I've seen attempts at solving each of those issues using types. I am not even positive they aren't solvable.

Validation is an event, with it's own discrete type separate from the address itself. This is no different than a physical address.

    123 Somewhere Lane
    Somewhereville, NY 12345

is a correctly formatted address but is almost certainly not one that physically exists.

Validation that it exists isn't solvable in the type system because, as I mentioned, it is an event. It is only true for the moment it was verified, and that may change at any point in the future, including immediately after verification.

I think I get your point. I would add reconciliation to validation. In that sometimes you cannot validate something without doing it, and are instead storing a possibly out of band reconciliation of result.

I'm curious, though, in how this argument does not apply to many other properties people try and encode into the types? It is one thing if you are only building envelopes and payloads. And, I agree that that gets you a long way. But start building operations on top of the data, and things get a lot more tedious.

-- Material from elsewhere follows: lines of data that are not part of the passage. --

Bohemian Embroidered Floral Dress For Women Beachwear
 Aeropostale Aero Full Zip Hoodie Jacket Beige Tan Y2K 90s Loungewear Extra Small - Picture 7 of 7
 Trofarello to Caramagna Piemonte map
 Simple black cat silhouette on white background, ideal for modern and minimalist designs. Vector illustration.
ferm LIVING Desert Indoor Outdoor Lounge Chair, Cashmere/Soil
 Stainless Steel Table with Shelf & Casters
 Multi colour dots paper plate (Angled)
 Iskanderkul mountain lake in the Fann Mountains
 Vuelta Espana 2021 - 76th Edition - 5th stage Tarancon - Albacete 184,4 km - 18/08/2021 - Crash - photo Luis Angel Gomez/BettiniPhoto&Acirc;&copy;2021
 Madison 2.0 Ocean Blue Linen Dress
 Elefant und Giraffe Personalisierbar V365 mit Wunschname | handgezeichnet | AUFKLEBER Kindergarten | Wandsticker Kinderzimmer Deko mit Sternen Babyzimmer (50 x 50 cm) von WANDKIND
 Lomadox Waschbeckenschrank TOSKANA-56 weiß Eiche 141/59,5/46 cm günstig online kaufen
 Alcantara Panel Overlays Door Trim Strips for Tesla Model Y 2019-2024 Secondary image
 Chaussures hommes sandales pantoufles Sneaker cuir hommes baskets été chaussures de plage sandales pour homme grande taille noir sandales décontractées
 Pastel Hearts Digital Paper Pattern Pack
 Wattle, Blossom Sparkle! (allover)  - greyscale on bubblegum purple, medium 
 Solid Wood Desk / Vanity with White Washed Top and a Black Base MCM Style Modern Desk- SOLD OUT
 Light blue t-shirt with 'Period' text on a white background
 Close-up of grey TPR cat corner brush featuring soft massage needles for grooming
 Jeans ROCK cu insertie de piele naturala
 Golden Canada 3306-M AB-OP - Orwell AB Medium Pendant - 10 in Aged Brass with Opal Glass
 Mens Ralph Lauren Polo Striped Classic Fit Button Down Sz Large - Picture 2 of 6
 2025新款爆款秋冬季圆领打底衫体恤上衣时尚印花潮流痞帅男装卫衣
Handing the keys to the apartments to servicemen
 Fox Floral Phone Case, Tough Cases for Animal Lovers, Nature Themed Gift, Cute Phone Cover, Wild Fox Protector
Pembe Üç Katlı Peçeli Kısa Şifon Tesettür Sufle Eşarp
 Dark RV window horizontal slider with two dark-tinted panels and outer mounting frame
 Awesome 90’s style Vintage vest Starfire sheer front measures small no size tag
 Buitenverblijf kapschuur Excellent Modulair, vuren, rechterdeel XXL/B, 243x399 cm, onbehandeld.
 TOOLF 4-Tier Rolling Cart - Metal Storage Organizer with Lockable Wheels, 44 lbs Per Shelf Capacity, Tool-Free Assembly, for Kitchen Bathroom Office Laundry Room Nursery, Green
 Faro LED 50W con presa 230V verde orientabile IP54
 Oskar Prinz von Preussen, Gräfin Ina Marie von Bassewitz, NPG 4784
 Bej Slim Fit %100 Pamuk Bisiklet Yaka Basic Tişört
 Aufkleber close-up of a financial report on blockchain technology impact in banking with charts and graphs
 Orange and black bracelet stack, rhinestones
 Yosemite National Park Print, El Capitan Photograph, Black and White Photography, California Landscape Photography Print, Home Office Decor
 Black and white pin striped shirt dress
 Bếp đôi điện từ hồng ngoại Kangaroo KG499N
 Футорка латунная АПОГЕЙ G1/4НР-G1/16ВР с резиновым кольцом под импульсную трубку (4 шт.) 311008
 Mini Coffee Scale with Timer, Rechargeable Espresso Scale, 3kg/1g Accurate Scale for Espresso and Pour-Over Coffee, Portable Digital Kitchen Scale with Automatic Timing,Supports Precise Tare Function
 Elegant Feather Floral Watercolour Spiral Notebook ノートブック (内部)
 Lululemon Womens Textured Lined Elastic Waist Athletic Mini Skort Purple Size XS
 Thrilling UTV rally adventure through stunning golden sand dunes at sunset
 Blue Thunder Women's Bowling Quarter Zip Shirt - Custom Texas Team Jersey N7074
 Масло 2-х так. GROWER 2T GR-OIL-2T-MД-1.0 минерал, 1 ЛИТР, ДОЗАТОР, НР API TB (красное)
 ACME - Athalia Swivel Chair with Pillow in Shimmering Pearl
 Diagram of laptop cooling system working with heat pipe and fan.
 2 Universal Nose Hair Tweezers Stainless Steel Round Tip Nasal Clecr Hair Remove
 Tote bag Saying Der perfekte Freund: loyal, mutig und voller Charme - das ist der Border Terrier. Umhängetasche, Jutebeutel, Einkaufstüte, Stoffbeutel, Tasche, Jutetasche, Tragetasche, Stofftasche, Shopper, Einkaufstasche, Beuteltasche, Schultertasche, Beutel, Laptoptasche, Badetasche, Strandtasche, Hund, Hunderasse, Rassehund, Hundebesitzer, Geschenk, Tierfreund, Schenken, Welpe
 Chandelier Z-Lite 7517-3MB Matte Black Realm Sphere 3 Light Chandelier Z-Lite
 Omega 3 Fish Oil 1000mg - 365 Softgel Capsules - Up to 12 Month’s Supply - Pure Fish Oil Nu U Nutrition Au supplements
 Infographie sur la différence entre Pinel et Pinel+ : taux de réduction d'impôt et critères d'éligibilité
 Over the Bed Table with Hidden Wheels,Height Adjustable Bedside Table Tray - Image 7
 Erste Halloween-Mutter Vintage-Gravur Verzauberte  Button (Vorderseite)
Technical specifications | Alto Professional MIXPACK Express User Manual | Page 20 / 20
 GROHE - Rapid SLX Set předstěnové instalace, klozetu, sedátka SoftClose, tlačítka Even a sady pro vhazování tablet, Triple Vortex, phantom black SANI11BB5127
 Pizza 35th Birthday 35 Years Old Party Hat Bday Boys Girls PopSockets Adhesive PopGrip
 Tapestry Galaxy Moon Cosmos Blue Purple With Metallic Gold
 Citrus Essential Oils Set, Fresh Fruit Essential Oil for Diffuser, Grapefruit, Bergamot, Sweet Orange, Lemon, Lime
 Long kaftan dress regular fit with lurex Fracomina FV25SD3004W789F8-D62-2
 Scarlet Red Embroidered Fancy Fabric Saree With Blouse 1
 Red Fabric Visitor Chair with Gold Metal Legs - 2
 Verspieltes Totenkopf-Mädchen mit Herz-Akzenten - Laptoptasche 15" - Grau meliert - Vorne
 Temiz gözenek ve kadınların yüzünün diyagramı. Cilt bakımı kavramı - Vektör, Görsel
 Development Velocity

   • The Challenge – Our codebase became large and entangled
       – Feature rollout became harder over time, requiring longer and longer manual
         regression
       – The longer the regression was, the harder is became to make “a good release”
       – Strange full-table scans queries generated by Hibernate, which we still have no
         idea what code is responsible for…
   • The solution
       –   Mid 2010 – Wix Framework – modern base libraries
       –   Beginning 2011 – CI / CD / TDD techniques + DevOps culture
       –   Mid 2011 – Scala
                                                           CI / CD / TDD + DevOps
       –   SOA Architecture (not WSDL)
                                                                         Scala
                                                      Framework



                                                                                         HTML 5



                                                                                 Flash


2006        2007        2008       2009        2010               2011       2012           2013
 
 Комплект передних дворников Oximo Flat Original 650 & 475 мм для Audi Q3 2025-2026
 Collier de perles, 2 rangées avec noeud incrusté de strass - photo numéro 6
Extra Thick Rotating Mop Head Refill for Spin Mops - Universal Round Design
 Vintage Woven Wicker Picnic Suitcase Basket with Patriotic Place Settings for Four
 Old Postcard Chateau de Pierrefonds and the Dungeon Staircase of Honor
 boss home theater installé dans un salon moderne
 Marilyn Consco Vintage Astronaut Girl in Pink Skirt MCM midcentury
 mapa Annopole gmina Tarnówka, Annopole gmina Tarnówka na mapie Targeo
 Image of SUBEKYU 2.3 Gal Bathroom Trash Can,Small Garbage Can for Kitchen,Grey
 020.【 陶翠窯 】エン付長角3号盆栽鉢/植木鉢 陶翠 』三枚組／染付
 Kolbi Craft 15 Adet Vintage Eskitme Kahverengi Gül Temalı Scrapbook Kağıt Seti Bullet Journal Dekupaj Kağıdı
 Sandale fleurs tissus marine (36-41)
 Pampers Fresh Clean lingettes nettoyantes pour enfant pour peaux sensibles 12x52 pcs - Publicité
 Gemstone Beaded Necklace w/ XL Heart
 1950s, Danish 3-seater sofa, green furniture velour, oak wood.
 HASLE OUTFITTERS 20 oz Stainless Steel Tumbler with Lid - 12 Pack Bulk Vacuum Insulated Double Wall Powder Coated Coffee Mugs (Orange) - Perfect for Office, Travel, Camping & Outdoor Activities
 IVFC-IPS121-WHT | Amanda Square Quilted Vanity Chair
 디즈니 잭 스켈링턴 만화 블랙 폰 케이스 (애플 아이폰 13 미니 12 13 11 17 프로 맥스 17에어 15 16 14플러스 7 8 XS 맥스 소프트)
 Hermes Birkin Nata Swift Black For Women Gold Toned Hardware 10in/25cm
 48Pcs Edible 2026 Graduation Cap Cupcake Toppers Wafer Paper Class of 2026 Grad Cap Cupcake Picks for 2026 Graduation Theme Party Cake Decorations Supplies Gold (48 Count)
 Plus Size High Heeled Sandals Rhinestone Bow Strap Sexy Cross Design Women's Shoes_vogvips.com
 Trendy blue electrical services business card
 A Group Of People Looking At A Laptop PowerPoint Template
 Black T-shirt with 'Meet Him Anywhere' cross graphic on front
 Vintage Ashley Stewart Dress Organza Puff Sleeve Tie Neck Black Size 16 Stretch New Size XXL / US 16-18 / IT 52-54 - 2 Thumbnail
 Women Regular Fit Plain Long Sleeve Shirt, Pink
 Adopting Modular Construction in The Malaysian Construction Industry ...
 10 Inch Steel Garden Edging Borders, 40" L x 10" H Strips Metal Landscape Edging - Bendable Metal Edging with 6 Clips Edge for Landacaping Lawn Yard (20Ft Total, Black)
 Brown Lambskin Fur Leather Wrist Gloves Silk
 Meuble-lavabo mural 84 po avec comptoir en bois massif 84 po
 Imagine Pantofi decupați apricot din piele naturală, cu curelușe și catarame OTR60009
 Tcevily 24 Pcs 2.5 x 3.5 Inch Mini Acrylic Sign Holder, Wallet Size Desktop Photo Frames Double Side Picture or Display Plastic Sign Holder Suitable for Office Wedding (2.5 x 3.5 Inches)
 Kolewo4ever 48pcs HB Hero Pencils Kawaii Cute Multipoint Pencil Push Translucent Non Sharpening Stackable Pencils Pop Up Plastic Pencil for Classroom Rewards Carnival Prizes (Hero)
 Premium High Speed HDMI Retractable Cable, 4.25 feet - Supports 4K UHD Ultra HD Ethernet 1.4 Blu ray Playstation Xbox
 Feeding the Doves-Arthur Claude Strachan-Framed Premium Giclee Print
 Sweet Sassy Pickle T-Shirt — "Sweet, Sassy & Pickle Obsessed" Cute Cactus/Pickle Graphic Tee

It would help to see examples that were not toy problems. Every example I have seen on this is not exactly leaving a good impression.

There are things that can embed a bit of temporal logic into types, such as a linear type that can statically guarantee a file handler has been closed exactly once, or error.

For the most part, what I think people really want are branded types. F# has a nice example of unit, where a float can be branded Fahrenheit or Celsius or Kelvin, and functions can take one of those types as parameters.

You then have some function that can parse user input into a float and brand it one of those types. The compiler doesn't make any guarantees about the user input, only that the resulting branded value cannot be used where a different one is expected. Other good examples are degrees and radians, or imperial and metric, etc.

Depending on what you are doing, knowing at a type level that some number can never be negative (weight in pounds) can save you a lot of hassle. If one part of the system doesn't brand a value, and it feeds into another part of the system that is branded, you're stuck with extraneous runtime checks all over the place or a lot of manual unit tests. Instead, the compiler can point out exactly, and in every instance, where you assumed you had a validated value but instead did not.

Some of these are why I would add reconciliation to the idea. Linear types, specifically. You can encode that you only send a message once. But, without doing reconciliation with the destination, you can not be sure that it was received.

I'm torn, as the examples from small programs make a ton of sense and I largely like them. I just cannot escape that every attempt I've seen at doing these in large programs is often fairly painful. I cannot claim they are more error prone than the ones that skip out on it. I can say they are far more scarce. Such that the main error condition appears to be to stall out on delivery.

> In the string -> Email example, it's probably enough to parse your string and just call it an email. You don't need to try to encode all the rules about an email into the type itself.

There is also the in-between Rust approach. Start with the user input as a byte array. Pass it to a validation function, which returns it encapsulated within a new type.

    #[derive(Clone, Hash, Ord, Eq...)]
    struct Email(Box<str>);

    // validate UTF-8 + 
    fn validate(raw: &[u8]) -> Result<Email, EmailValidationError>;

What is annoying is the boilerplate required. You usually want your new type to behave like a (read-only) version of the original type, and you want some error type with various level of details.

You can macro your way out of most of the boilerplate, with the downside that it quickly becomes a domain specific language.

AKA the "parse, don't validate" approach [1].

1: https://lexi-lambda.github.io/blog/2019/11/05/parse-don-t-va...

The salient excerpt is: "A parser is just a function that consumes less-structured input and produces more-structured output". In opposition to a validation function that merely raises an error.

    - validate(raw) -> void
    - parse(raw) -> Email | Error

Of course the type signature is what seals the deal at the end of the day. But I am going to follow this naming convention from now on.